VACUUM Is a Lie (About Your Indexes)

There is common misconception that troubles most developers using PostgreSQL: tune VACUUM or run VACUUM, and your database will stay healthy. Dead tuples will get cleaned up. Transaction IDs recycled. Space reclaimed. Your database will live happily ever after.

But there are couple of dirty "secrets" people are not aware of. First of them being VACUUM is lying to you about your indexes.

The anatomy of storage

When you delete a row in PostgreSQL, it is just marked as a 'dead tuple'. Invisible for new transactions but still physically present. Only when all transactions referencing the row are finished, VACUUM can come along and actually remove them - reclamining the space in the heap (table) space.

To understand why this matters differently for tables versus indexes, you need to picture how PostgreSQL actually stores your data.

Your table data lives in the heap - a collection of 8 KB pages where rows are stored wherever they fit. There's no inherent order. When you INSERT a row, PostgreSQL finds a page with enough free space and slots the row in. Delete a row, and there's a gap. Insert another, and it might fill that gap - or not - they might fit somewhere else entirely.

This is why SELECT * FROM users without an ORDER BY can return rows in order initially, and after some updates in seemingly random order, and that order can change over time. The heap is like Tetris. Rows drop into whatever space is available, leaving gaps when deleted.

Heap Page

When VACUUM runs, it removes those dead tuples and compacts the remaining rows within each page. If an entire page becomes empty, PostgreSQL can reclaim it entirely.

And while indexes are on surface the same collection of 8KB pages, they are different. A B-tree index must maintain sorted order - that's the whole point of their existence and the reason why WHERE id = 12345 is so fast. PostgreSQL can binary-search down the tree instead of scanning every possible row. You can learn more about the fundamentals of B-Tree Indexes and what makes them fast.

But if the design of the indexes is what makes them fast, it's also their biggest responsibility. While PostgreSQL can fit rows into whatever space is available, it can't move the entries in index pages to fit as much as possible.

Leaf Page

VACUUM can remove dead index entries. But it doesn't restructure the B-tree. When VACUUM processes the heap, it can compact rows within a page and reclaim empty pages. The heap has no ordering constraint - rows can be anywhere. But B-tree pages? They're locked into a structure. VACUUM can remove dead index entries, yes.

Many developers assume VACUUM treats all pages same. No matter whether they are heap or index pages. VACUUM is supposed to remove the dead entries, right?

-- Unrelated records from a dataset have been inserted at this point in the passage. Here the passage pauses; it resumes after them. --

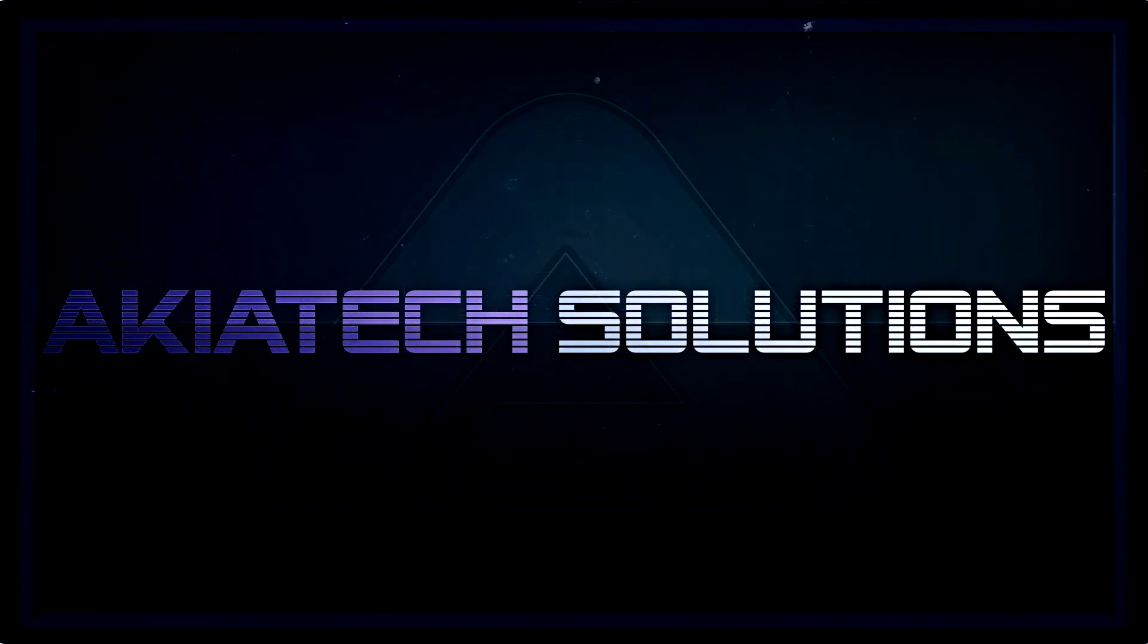So that's pretty much it. Hopefully this guide was helpful. Stay tuned and subscribe for more guides like this.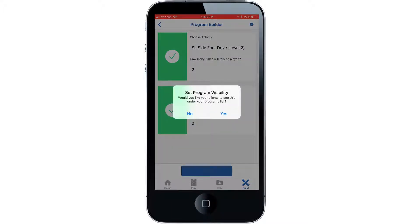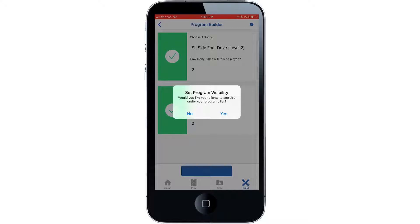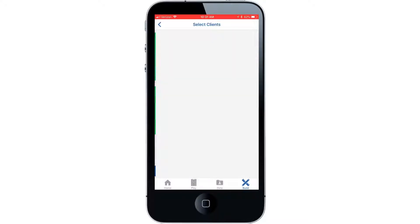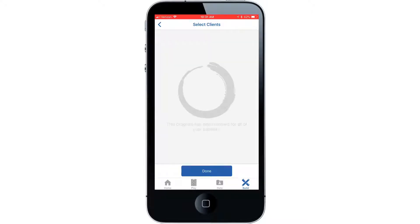This option is asking whether you want to make this program visible for all patient profiles and specifically for this patient. This option will allow you to select which patient you want to assign this program to. Select the patient then select the done tab.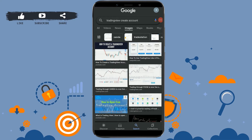Hello everyone, welcome back to the Logging In channel. Today for this episode of Logging In, I will be showing you the process for how you can create an account on TradingView. TradingView is a social network of 30 million traders and investors using the world's best charts and tools to spot trading opportunities across the global markets.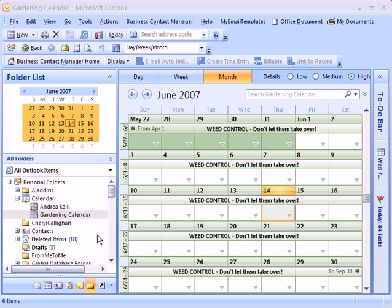Let's pretend that we've got a gardening calendar with a bunch of information on here and we want to publish this out to the internet using an internet calendar subscription service. Now the nice thing about this is that you can control who has access to this, or if you want it to be completely open.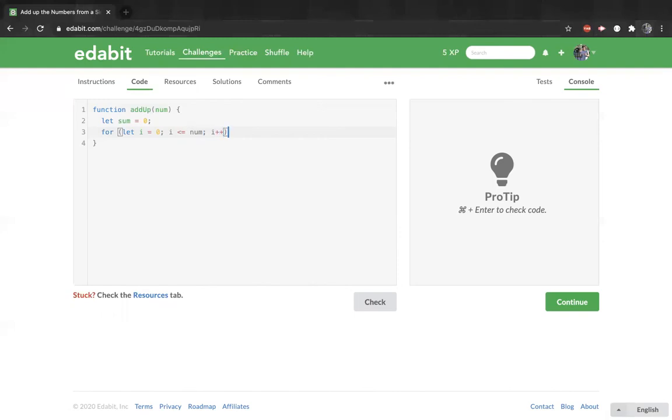And inside the loop, we have to add the value to the sum. So sum plus equals i.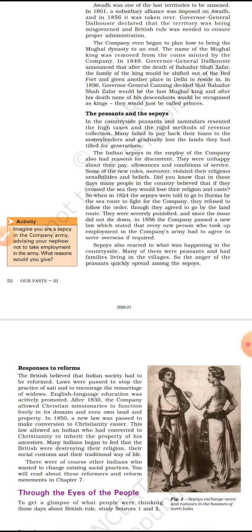These issues continued, and in 1856 the company passed a new law stating that those who wanted to serve in the army had to agree to serve overseas if required. Many of these Indian sipahis were peasants whose families lived in villages, so they also reacted to what was happening in the countryside — the anger of the peasants spread among the sipahis.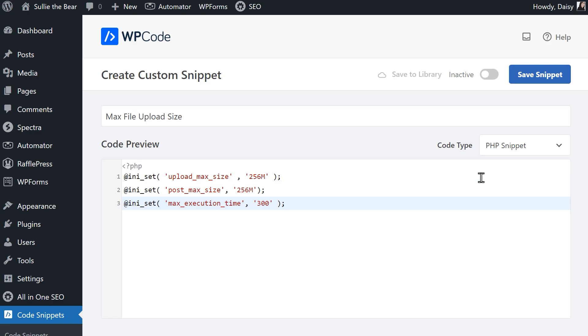As you can see, the first line defines the max file upload size as 256 megabytes. The second line, which also sets a limit of 256 megabytes, defines the maximum size of posts.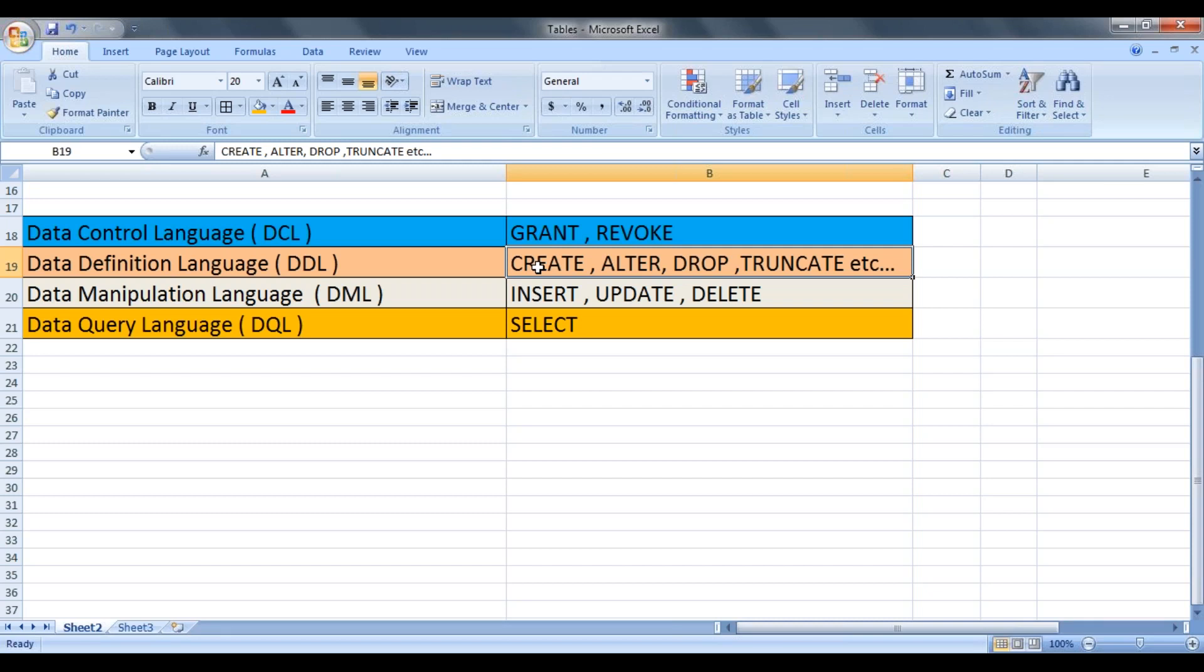So these are the four languages we will see in our upcoming sessions. Thank you guys.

Yes. But here's what it doesn't do - it doesn't restructure the B-tree.

What VACUUM actually does

Removes dead tuple pointers from index pages
Marks completely empty pages as reusable
Updates the free space map

What VACUUM cannot do:

Merge sparse pages together (can do it for empty pages)
Reduce tree depth
Deallocate empty-but-still-linked pages
Change the physical structure of the B-tree

Your heap is Tetris, gaps can get filled. Your B-tree is a sorted bookshelf. VACUUM can pull books out, but can't slide the remaining ones together. You're left walking past empty slots every time you scan.

The experiment

Let's get hands-on and create a table, fill it, delete most of it and watch what happens.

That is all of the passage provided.